By George Painter, GLAPN Community Historian

This article is a short summary of material covered in greater depth in George Painters book The Vice Clique, Portland's Great Sex Scandal, which was published in 2013. For more information about the book, including information on how to purchase it, visit this link.

Scandal DeathIn November 1912, Portland became enmeshed in a same‑sex “scandal” of its own making, the likes of which had not been seen before, nor since.  This scandal is frequently misnamed the “YMCA Scandal” because of early, inaccurate news reports that the YMCA was the center of this activity. Other falsities that unfortunately have been accepted as fact over the years are that the scandal involved mostly prominent men, that these prominent men were permitted to flee the city, and that only a single newspaper carried stories about it.


The truth of the scandal:
Following a general anti‑vice campaign beginning in 1911, a volunteer investigator accidentally stumbled across a group of men sexually involved with each other.  The man who was the “link” to the rest happened to live at the YMCA.  A number of men were arrested.  Most Portland newspapers did not see these arrests as newsworthy, although the Oregonian did carry a small article about them.


rottenscandal

Another, the Portland News, sensationalized the story. On November 15, 1912, it carried a banner headline, “Rotten Scandal Reaches into Y.M.C.A.”  The News continued with daily stories filled with inaccuracies and innuendo, including that YMCA officials promoted sexual activity within its walls.  It was this paper that made the false claims that many prominent men were involved, that they were permitted to leave town, and that other newspapers didn’t cover the story.  A simple examination of other newspapers shows they began covering it widely once the News sensationalized it. In fact, it was the Oregon Journal that coined the term “Vice Clique” to refer to the group of men, and both the Portland Evening Telegram and the Portland News itself adopted the term.  Research has shown that the News sensationalized the story to boost its readership and succeeded in moving from fourth to second place among the four Portland dailies as a result.
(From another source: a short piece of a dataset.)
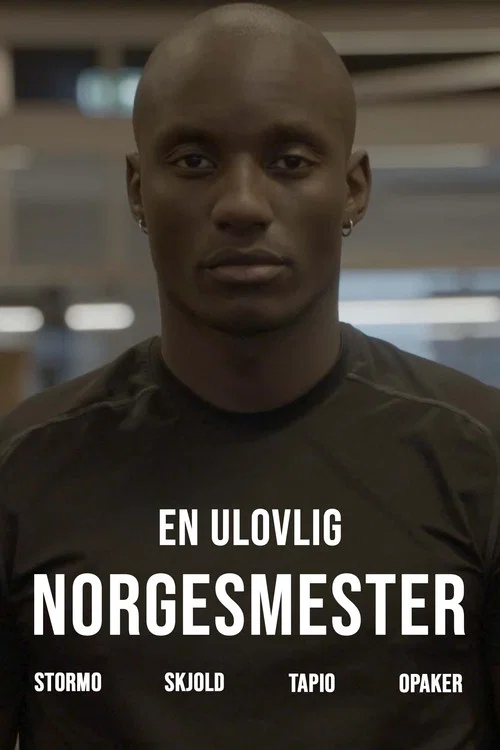 En ulovlig norgesmester постер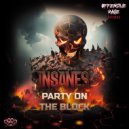 Insane S - Party on the Block (Original Mix)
Both a local grand jury and a special investigative committee cleared the local YMCA of any involvement, and the News, after initially refusing to do so, bowed to public pressure and ran a retraction of its charges against the institution.  It followed this retraction with an unsuccessful threat of career ruination of any attorney who defended any arrestee.
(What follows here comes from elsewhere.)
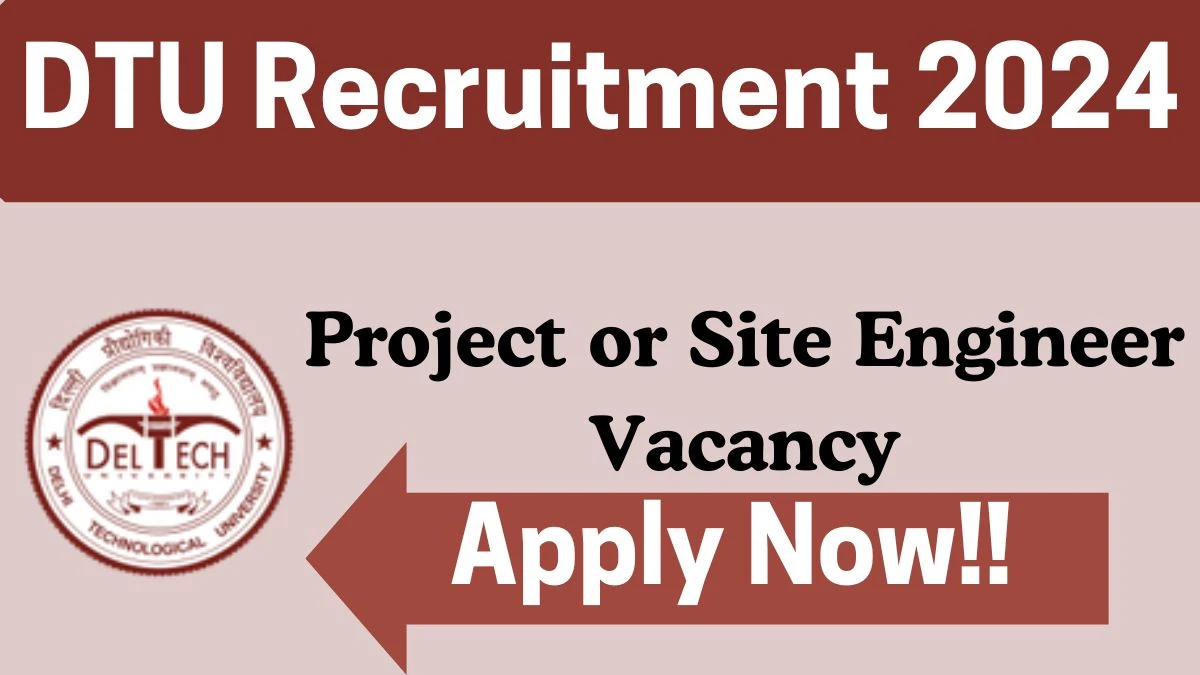 DTU Recruitment 2024 Walk-In Interviews for Project or Site Engineer on 04.04.2024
A number of men had been arrested and some faced trial.  Some 68 were known to have been involved when all was said and done, but most never faced any courtroom.  Some did leave town, some got charges against them dismissed due to weak evidence, and some, because of their age, were viewed as “victims” and thus not prosecuted.


Physician Harry Start and bookkeeper Edward Wedemeyer were tried and convicted in December 1912, and clerk Harry Rowe, the YMCA “link,” pleaded guilty.  In January, two more men, driver Charles Northern and clerk Roland Orne, pleaded guilty to charges.  In February, attorney Edward McAllister was tried and convicted.  In March, clerk Herbert King was convicted after a short trial, and restaurant owner Claude Bronner pleaded guilty.  Two other trials were not held until the spring.  In them, clerk Will Phelps and milliner Dell Meagher both were acquitted by juries.  That most of these men held lower‑echelon jobs showed that the Portland News charge that “prominent” men were involved was false.
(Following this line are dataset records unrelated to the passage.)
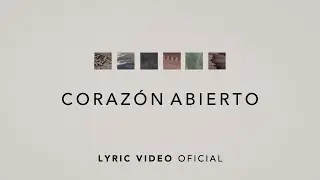 Un Corazón - Corazón Abierto (Lyric Video Oficial)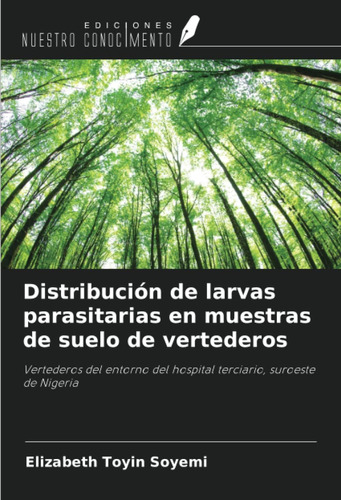 Libro: Distribución De Larvas Parasitarias En Muestras De Su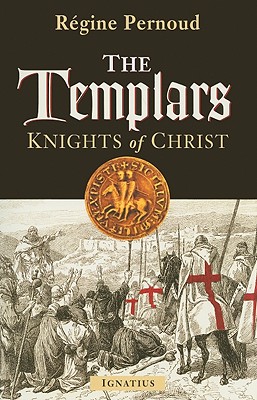 The Templars: Knights of Christ - Pernoud, Regine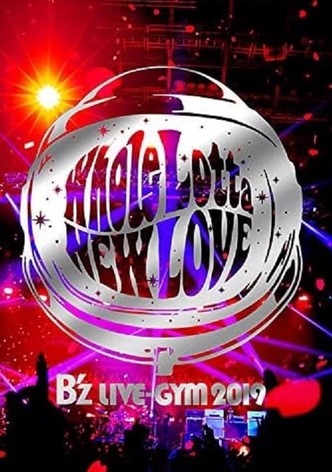 B'z LIVE-GYM 2019 -Whole Lotta NEW LOVE-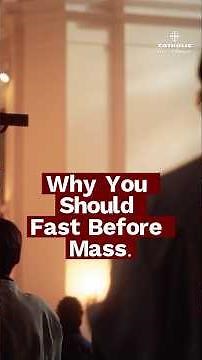 Why You Should Fast Before Mass (And What Breaks the Fast)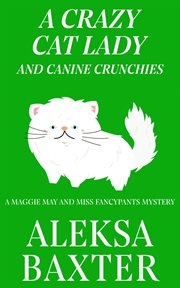 A crazy cat lady and canine crunchies cover image cdn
What happened to those coming to court was not identical.  Bronner went to the Oregon Penitentiary.  Northern and King got shorter sentences in the Multnomah County Jail.  Rowe and Orne were permitted just to leave town, although Orne was required to report monthly on his behavior.


Start, Wedemeyer, and McAllister, each sentenced to the penitentiary, appealed their convictions and got them reversed in 1913 by the Oregon Supreme Court.  The reason for reversal was that the trial judges allowed testimony by extraneous witnesses as to their own sexual activity with the defendants.  Thus, prejudicial and confusing testimony was allowed in front of jurors.


The 420‑page transcript of Harry Start’s trial survives.  Reading it, one learns that presiding judge Calvin Gantenbein permitted unfettered testimony by witnesses, meaning that often highly salacious language was used to describe same‑sex sexual activity.  Some of the sexual terms mentioned in the trial pre‑date their earliest current known usage according to some dictionaries.


The surviving indictment records also are interesting.  Oregon prosecutors followed the ages‑old stereotype that there was no such thing as consensual sodomy, and labeled the older partner (even if just months older) as the perpetrator of an assault and the younger partner (no matter how old) as his “boy victim.”  If that same “boy victim” had relations with someone else younger than he, then the roles were reversed and the “boy victim” in one case suddenly became the perpetrator of an assault.


A large number of the men involved in the scandal, whether prominent or not, did leave Portland, most of them permanently. Two immediate effects of the scandal were changes to law.


In 1913, the Oregon legislature amended the state’s sodomy law to expand its coverage to any conceivable erotic act other than the missionary position and tripled the maximum penalty to 15 years in prison.  The expansion of the law was due to the variety of sexual behavior made public in the Vice Clique trials that those with Victorian views had not realized was being expressed.


The second was a law to permit the sexual sterilization of a number of people, including “sexual perverts” and “moral degenerates.”  This proposal did not survive, however.  The same year, a group of people formed the Anti‑Sterilization League and got sufficient signatures to force the measure onto the ballot.  In the 1913 election, Oregon voters repealed the sterilization law by a margin of 56%‑44%.  During the campaign, virtually all of the rhetoric was directed to “sexual perverts,” even though the law covered many more groups.  In effect, this was the nation’s first Gay rights referendum.  Unfortunately, the Oregon legislature did not take this repeal lying down, and enacted a new law in 1917 that continued to be expanded, and these new laws did not face voter scrutiny.

Vice Clique CoverThis article is a short summary of material covered in greater depth in George Painters book The Vice Clique, Portland's Great Sex Scandal, which was published in 2013. For more information about the book, including information on how to purchase it, visit this link.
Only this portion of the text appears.